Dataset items
++++++++++++++++++++

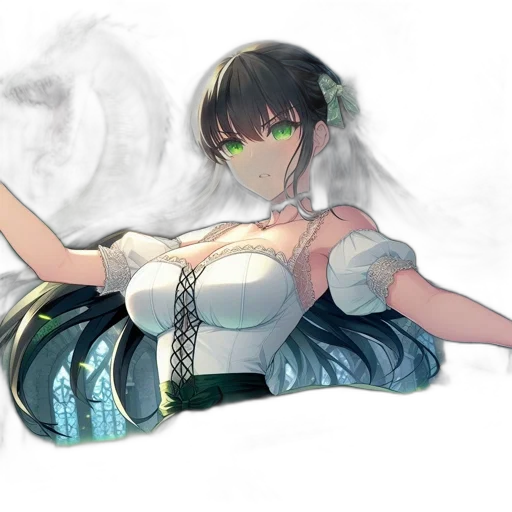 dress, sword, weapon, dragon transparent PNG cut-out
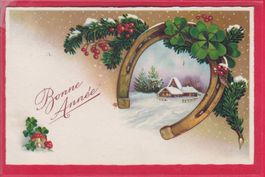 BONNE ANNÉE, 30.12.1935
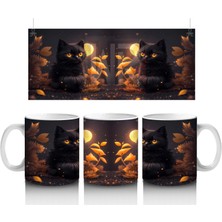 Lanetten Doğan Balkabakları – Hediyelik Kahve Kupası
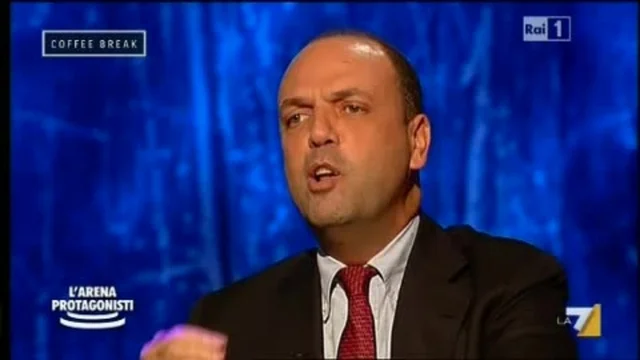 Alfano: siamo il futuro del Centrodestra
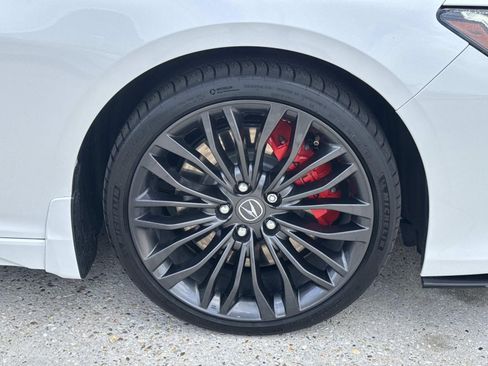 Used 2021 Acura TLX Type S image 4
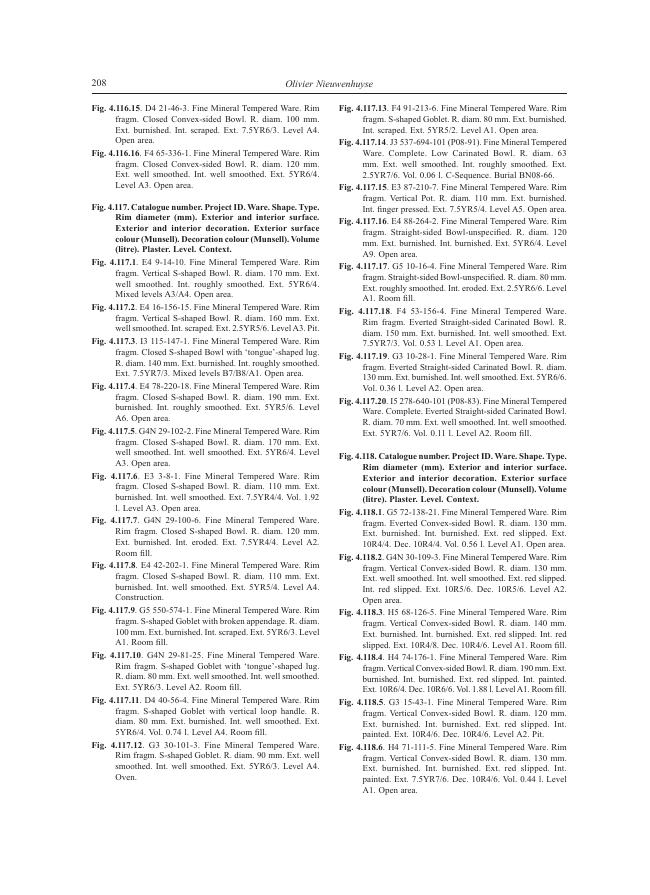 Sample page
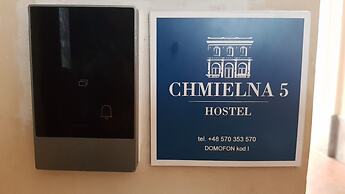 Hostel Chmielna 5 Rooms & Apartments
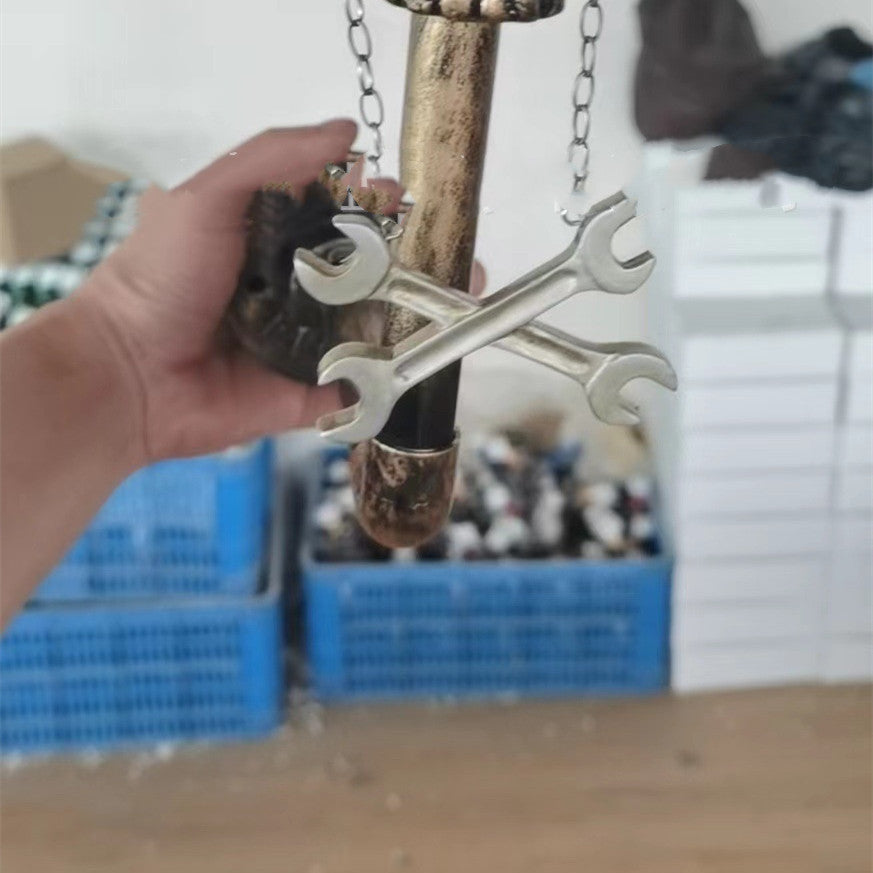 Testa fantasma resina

++++++++++++++++++++

▸ WORK TO COMPLETE
Please copy the data shown above, line by line and exactly, omitting the images.

▸ ANSWER
 dress, sword, weapon, dragon transparent PNG cut-out
 BONNE ANNÉE, 30.12.1935
 Lanetten Doğan Balkabakları – Hediyelik Kahve Kupası
 Alfano: siamo il futuro del Centrodestra
 Used 2021 Acura TLX Type S image 4
 Sample page
 Hostel Chmielna 5 Rooms & Apartments
 Testa fantasma resina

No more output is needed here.